Exercise data —
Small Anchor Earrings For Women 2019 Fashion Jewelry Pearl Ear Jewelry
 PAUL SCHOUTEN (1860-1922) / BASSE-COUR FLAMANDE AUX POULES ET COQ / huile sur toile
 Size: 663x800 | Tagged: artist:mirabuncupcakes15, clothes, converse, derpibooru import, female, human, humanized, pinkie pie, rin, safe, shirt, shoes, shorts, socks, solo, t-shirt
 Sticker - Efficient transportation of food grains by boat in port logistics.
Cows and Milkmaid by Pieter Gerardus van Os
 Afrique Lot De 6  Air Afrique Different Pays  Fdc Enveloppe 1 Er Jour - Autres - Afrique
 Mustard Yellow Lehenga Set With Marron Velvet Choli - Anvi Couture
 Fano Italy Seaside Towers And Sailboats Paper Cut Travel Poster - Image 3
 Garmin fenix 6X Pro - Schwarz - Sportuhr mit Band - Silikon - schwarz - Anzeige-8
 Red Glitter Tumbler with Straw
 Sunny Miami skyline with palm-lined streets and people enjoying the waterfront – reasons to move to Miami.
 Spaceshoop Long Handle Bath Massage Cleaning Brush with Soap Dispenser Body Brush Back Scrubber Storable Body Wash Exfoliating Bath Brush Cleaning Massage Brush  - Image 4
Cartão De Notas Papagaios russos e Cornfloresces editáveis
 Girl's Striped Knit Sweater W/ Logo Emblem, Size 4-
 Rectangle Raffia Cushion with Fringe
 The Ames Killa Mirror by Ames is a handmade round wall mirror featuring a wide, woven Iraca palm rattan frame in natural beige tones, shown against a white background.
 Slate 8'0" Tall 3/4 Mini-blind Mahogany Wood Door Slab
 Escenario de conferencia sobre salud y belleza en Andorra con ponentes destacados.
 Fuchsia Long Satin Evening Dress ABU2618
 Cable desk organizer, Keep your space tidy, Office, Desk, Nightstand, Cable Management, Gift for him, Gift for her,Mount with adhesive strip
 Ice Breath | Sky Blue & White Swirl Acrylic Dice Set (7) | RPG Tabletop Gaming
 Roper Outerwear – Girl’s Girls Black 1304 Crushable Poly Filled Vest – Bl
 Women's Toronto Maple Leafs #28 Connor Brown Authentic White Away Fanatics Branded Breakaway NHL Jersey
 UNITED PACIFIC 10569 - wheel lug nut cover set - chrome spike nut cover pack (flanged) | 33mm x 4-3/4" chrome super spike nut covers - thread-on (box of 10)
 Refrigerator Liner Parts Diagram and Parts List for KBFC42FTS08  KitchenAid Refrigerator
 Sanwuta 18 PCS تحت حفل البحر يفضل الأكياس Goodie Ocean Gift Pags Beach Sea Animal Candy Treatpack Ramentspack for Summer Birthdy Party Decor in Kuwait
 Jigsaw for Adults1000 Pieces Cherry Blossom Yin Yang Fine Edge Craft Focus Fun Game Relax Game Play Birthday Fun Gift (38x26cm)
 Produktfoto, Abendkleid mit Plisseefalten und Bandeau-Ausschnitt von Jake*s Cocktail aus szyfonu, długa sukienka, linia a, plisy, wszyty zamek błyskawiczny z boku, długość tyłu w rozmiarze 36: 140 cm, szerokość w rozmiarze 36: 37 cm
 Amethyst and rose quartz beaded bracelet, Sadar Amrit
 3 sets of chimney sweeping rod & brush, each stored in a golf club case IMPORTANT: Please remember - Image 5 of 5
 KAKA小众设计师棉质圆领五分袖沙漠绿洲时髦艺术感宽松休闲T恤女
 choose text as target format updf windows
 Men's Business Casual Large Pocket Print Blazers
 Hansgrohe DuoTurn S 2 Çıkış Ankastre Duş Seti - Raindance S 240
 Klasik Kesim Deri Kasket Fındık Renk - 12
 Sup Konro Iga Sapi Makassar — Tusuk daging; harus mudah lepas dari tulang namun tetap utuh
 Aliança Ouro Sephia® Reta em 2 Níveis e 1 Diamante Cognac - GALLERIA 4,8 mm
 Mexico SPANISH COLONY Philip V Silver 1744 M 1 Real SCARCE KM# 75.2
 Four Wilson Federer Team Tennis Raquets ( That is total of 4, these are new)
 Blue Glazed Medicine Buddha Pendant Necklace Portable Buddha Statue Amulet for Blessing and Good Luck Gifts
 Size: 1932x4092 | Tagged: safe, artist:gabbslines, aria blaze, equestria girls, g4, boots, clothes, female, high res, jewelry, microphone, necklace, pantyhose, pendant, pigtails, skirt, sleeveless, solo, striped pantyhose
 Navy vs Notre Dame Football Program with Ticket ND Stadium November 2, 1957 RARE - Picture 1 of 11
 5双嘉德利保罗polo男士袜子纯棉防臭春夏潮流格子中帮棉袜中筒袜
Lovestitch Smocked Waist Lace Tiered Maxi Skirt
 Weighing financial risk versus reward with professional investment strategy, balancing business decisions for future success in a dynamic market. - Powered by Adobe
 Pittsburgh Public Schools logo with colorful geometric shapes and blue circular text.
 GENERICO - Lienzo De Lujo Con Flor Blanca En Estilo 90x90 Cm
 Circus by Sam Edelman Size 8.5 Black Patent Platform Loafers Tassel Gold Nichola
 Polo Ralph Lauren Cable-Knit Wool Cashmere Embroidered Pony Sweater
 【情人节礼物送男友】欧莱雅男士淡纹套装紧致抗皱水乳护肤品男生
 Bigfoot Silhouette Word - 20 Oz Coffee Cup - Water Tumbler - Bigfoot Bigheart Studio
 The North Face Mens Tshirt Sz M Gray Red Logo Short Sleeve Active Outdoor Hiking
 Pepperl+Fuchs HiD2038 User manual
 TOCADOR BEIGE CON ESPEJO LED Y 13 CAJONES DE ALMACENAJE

Problem requirements — Look over the material above and report each line holding "Women".

Answer —
Small Anchor Earrings For Women 2019 Fashion Jewelry Pearl Ear Jewelry
 Women's Toronto Maple Leafs #28 Connor Brown Authentic White Away Fanatics Branded Breakaway NHL Jersey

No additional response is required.